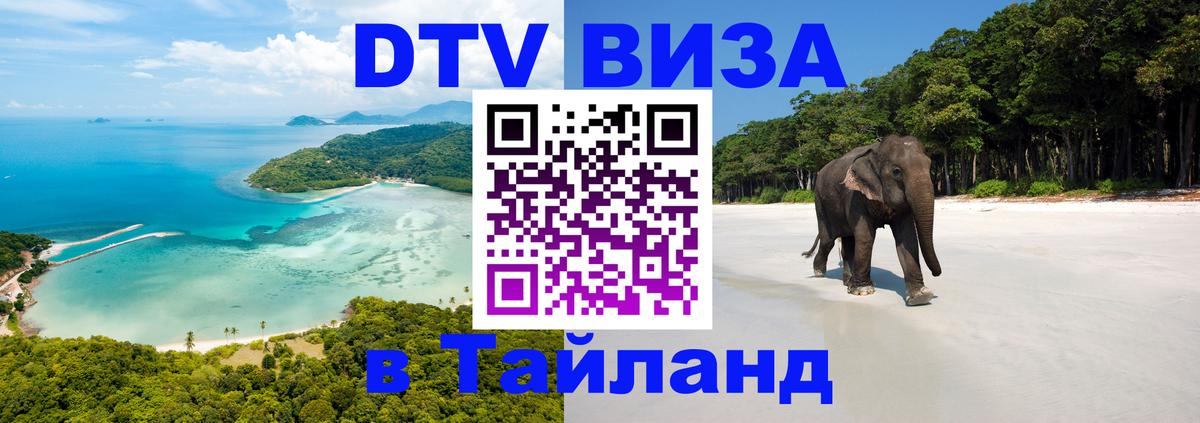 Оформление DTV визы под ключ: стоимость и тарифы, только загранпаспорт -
————
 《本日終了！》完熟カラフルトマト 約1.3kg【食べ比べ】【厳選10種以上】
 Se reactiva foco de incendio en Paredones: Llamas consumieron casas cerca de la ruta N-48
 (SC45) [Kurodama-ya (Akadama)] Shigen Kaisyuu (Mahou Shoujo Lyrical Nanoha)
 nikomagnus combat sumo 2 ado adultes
————
▶ [Activity]: With the first line being the one containing "(SC45) [Kurodama-ya (Akadama)]" and the last line the one containing "nikomagnus combat sumo 2 ado adultes", transcribe exactly the lines above that fall in that range.

▶ [Output of the exercise]:
 (SC45) [Kurodama-ya (Akadama)] Shigen Kaisyuu (Mahou Shoujo Lyrical Nanoha)
 nikomagnus combat sumo 2 ado adultes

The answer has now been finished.